As one of the oldest FM stations in the Fresno media market, the station is considered a grandfathered superpower station, as its effective radiated power is 68,000 watts at a height above average terrain of 580 m. (Stations at that height in Central California should run less than 3,000 watts, according to current Federal Communications Commission rules for Class B regions; however, KSKS went on the air in 1946, founded before the rules were put in place.)

==History==
===KRFM and KFRE-FM===
The station signed on the air in 1946. KRFM were the original call letters.

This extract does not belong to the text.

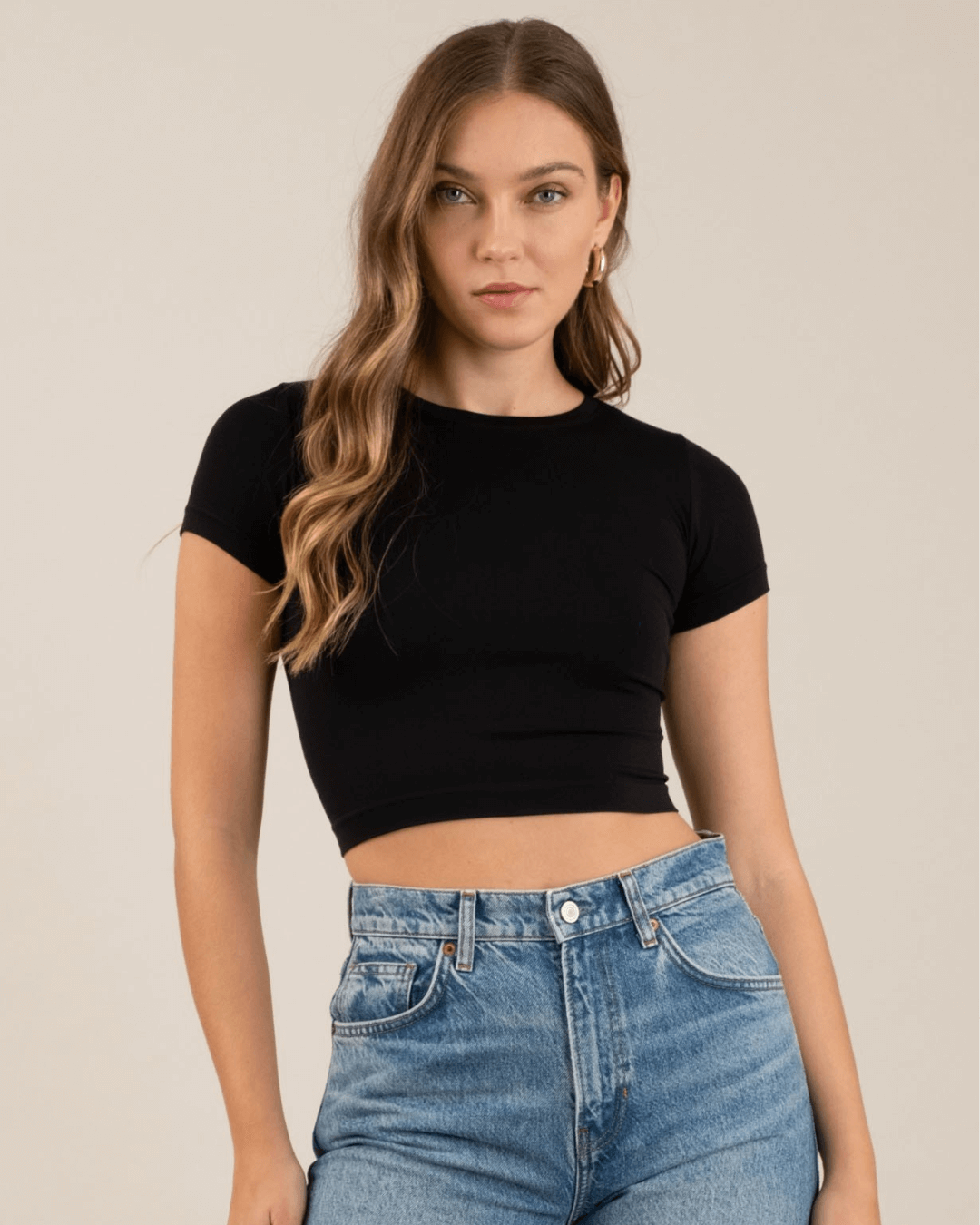 TOP MINE NEGRO PARA DAMAS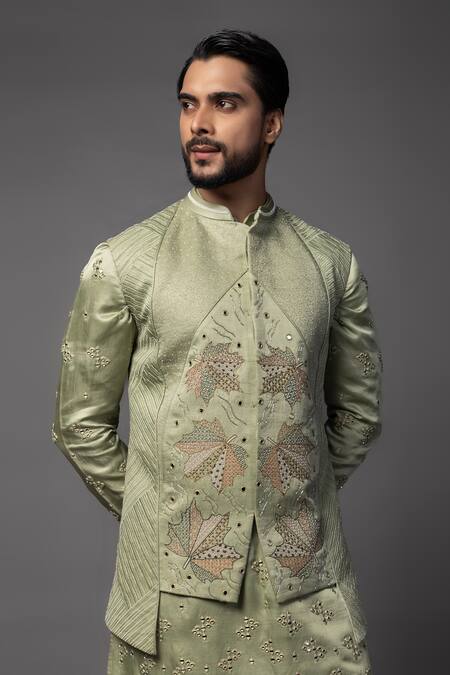 PAARSH_Green Linen, Satin Embroidery, Cut Work, Asymmetric Maple Leaf Bundi Set _at_Aza_Fashions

The first owner was Paul Bartlett, a Fresno radio station pioneer. The station's studios were originally at the transmitter site in Meadow Lakes. In the 1940s and 50s, few people owned FM receivers, so finding an audience was difficult.

The station was acquired by the owner of KFRE (940 AM, now KYNO) and KFRE-TV (now KFSN-TV), which originally operated on VHF channel 12, later UHF channel 30. As a sister station to KFRE and KFRE-TV, the FM station took the call sign KFRE-FM. All three stations were owned by Triangle Publications. Triangle was the publisher of the popular weekly magazine TV Guide. The company decided to sell off its Fresno properties in 1971.

===KFYE and KSKS===
Because the stations were sold to separate companies, and the owner of the AM station kept the KFRE call sign, the FM station took new call letters, KFYE. The station was a mostly-instrumental beautiful music outlet. It played quarter-hour sweeps of instrumental cover tunes of popular adult music, Broadway and Hollywood show tunes.

Through the 1980s, the station added more vocals as an easy listening station. In 1992, KFYE completed the transition to an adult contemporary format known as "Y-94." In the 1980s, disc jockey Ray Appleton hosted "Lunchtime at the Oldies" on Y-94. Appleton would go on to become a popular talk show host at KMJ. In 1992, KFYE flipped to country music as KSKS. KSKS and KMJ were acquired by CBS Radio in 1998.

===Changes in ownership===
In 2006, CBS Radio decided to leave most medium-sized media markets and concentrate on its stations in larger cities. On November 16 of that year, the company announced the sale of KSKS and its other Fresno-area stations to Peak Broadcasting.

On August 30, 2013, a deal was announced in which Townsquare Media would purchase Peak Broadcasting, and then immediately swap Peak's Fresno stations, including KSKS, to Cumulus Media in exchange for Cumulus' stations in Dubuque, Iowa, and Poughkeepsie, New York. The deal was part of Cumulus' acquisition of Dial Global. Peak, Townsquare, and Dial Global were all controlled by Oaktree Capital Management. The sale to Cumulus was completed on November 14, 2013.